For those same reasons, portions of the Court's opinion—those sections revealing the contents of the Attachment—are redacted in the public filing of this Decision and Order, in order to preserve the Government's opportunities for further appellate review of this Decision and Order requiring disclosure of the Attachment. In the event that this ruling requiring disclosure of the Attachment is not altered in the course of any further appellate review, an unredacted version of this opinion will be filed. See New York Times Co. v. U.S. Dep't of Justice, 752 F.3d 123, 123 n. 1 (2d Cir.2014).
IV. ORDER
For the reasons discussed above, it is hereby
ORDERED that the motion for summary judgment (Dkt. No. 16) of Plaintiff Nicholas Merrill is GRANTED ; and it is further
ORDERED that the motion to dismiss the Complaint or for summary judgment (Dkt.
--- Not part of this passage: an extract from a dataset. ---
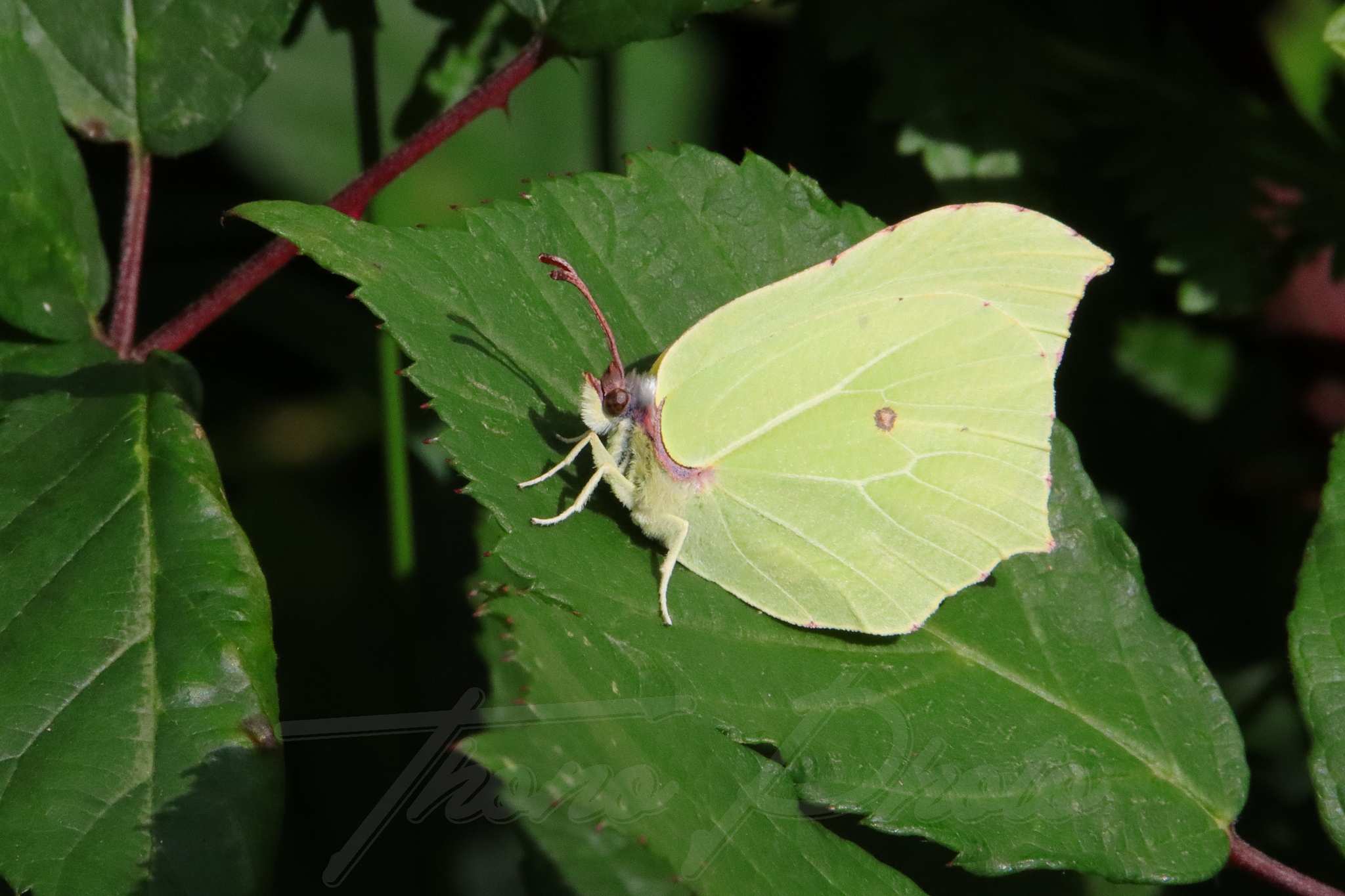 Citron gonepteryx rhamni treignac 2021 09 08 0155f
No. 24) of the Government is DENIED ; and it is further
ORDERED that the Clerk of Court shall file the redacted version of this Decision and Order on the public docket; and it is further
ORDERED that the Clerk of Court shall enter judgment accordingly but stay enforcement of the judgment pending any appeal, or, if no appeal is filed, for 90 days from the date of this Decision and Order.
The Clerk of Court is directed to terminate the motion for summary judgment (Dkt. No. 16) and the motion to dismiss or for summary judgment (Dkt. No. 24), and to close this case.